§ About this task
Among the entries below, only the lines from the one with "قيم الإنسان ومبادئه" through the one with "70 Flanders Road, Guelph, Ontario" are to be retyped, exactly and without pictures.

§ The data
____
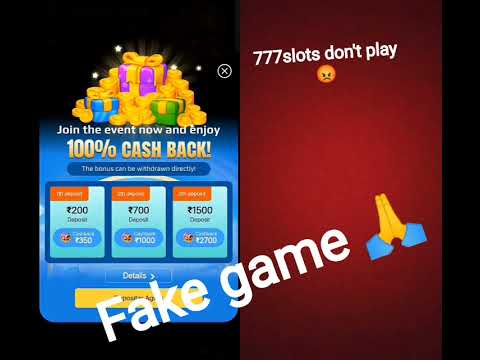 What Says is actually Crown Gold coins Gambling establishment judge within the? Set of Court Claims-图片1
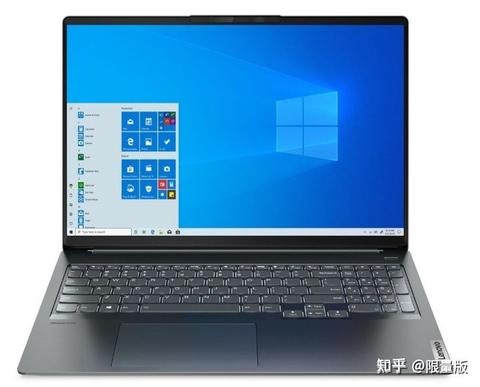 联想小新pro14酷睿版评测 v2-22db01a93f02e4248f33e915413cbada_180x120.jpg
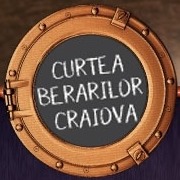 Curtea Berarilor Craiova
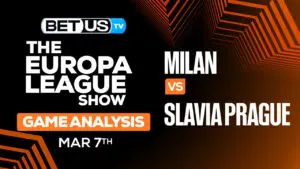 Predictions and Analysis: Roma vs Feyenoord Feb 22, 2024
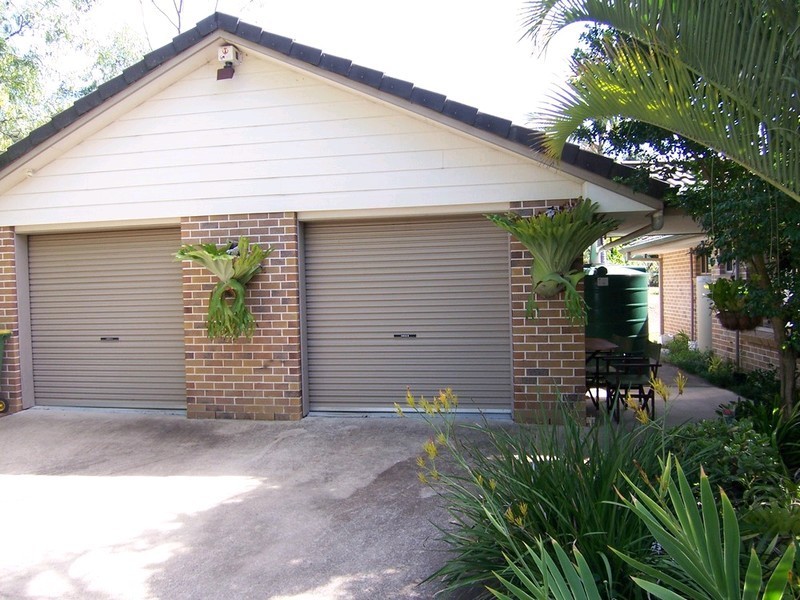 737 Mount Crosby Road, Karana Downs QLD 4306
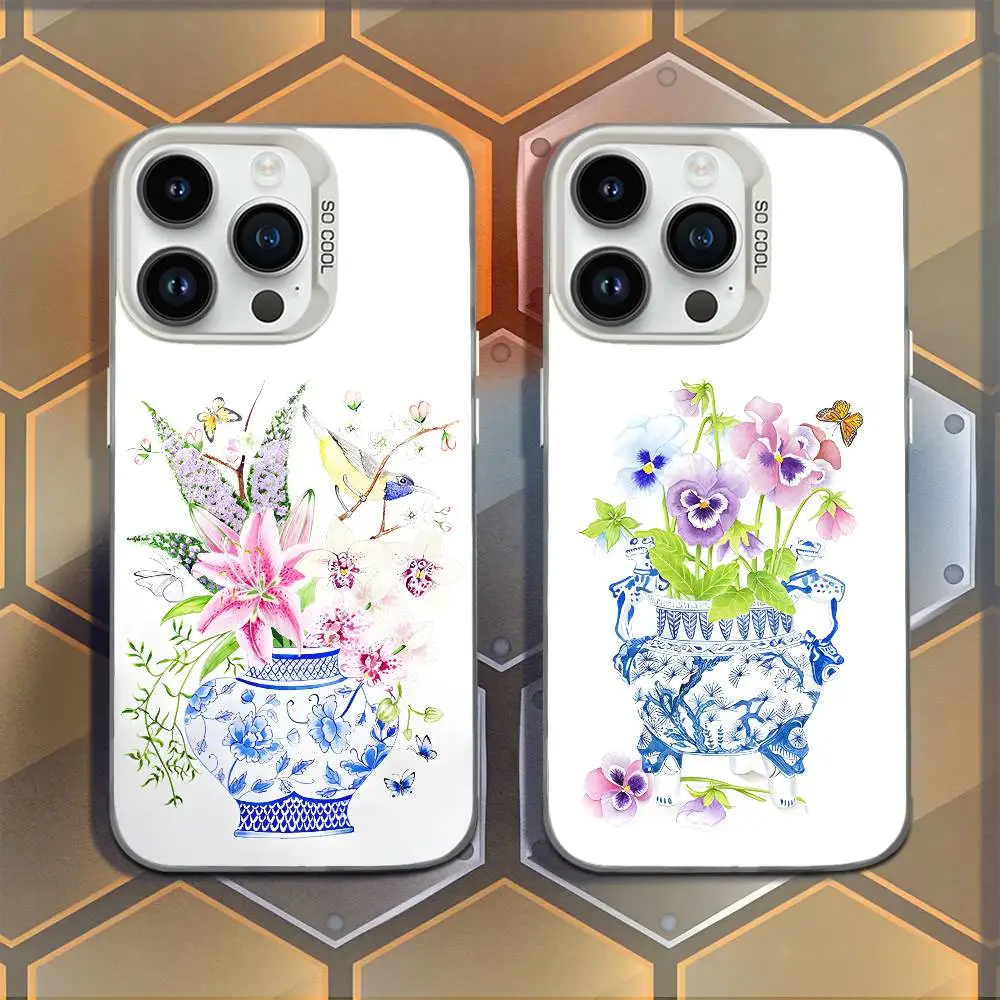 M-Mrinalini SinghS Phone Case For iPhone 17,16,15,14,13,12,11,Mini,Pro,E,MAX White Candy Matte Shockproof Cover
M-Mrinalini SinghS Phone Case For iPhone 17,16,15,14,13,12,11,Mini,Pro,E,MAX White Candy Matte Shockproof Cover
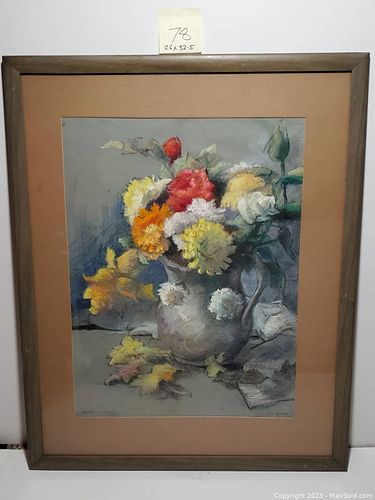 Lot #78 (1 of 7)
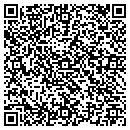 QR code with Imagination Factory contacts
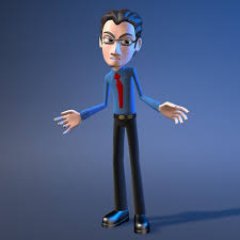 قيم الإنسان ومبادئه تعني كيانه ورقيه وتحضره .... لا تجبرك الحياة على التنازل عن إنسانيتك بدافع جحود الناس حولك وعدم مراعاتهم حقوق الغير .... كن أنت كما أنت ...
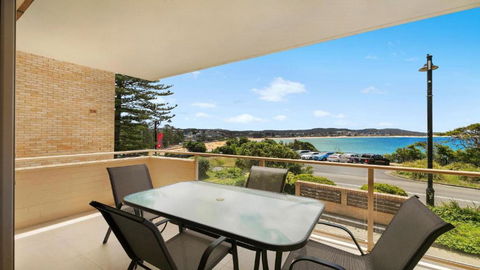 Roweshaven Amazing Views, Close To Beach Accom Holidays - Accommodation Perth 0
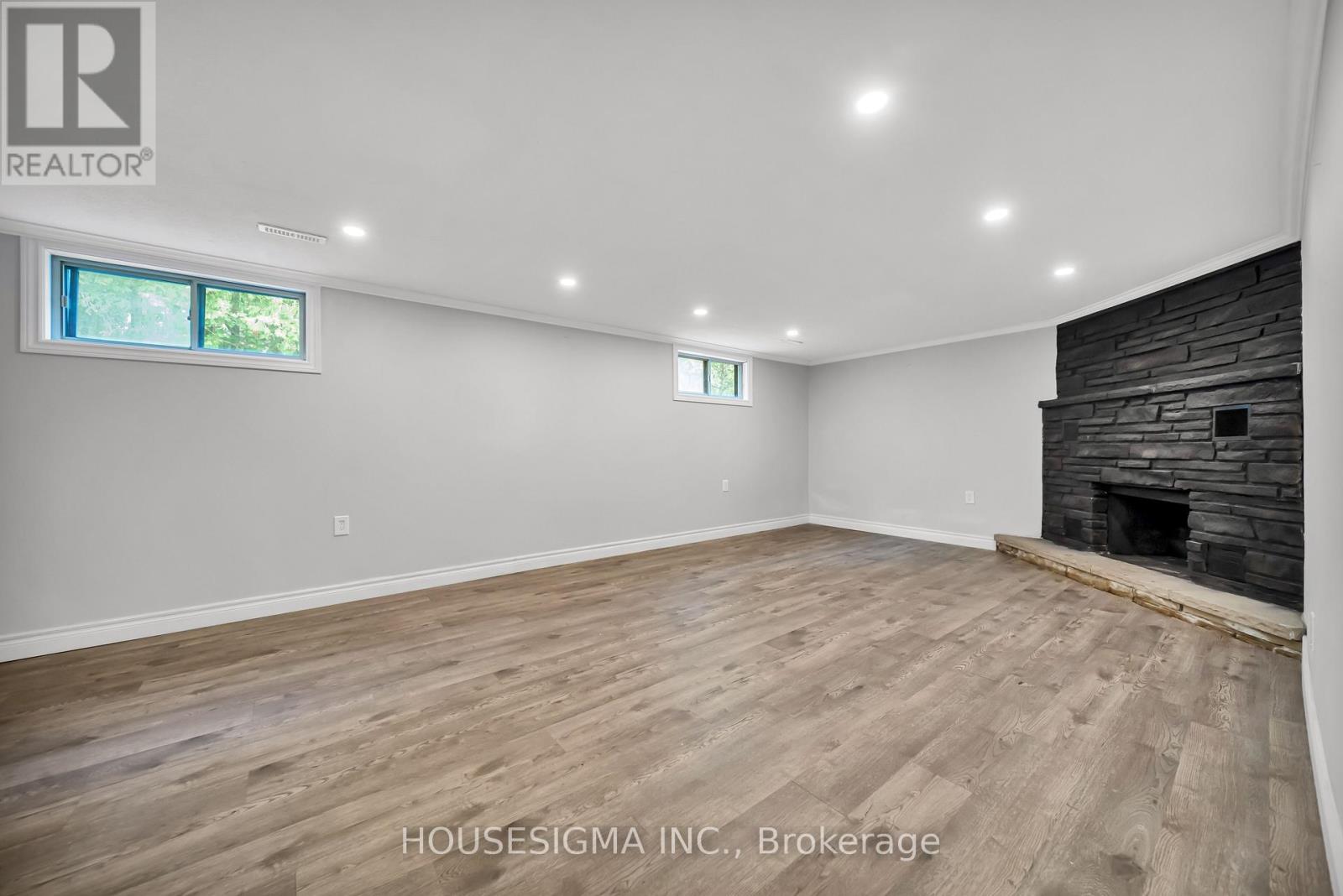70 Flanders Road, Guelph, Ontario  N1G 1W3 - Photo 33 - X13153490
____
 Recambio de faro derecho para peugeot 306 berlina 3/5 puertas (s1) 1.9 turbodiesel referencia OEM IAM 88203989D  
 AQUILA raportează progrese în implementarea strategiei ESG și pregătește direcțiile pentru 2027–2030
____
§ Result for this exercise
 قيم الإنسان ومبادئه تعني كيانه ورقيه وتحضره .... لا تجبرك الحياة على التنازل عن إنسانيتك بدافع جحود الناس حولك وعدم مراعاتهم حقوق الغير .... كن أنت كما أنت ...
 Roweshaven Amazing Views, Close To Beach Accom Holidays - Accommodation Perth 0
70 Flanders Road, Guelph, Ontario  N1G 1W3 - Photo 33 - X13153490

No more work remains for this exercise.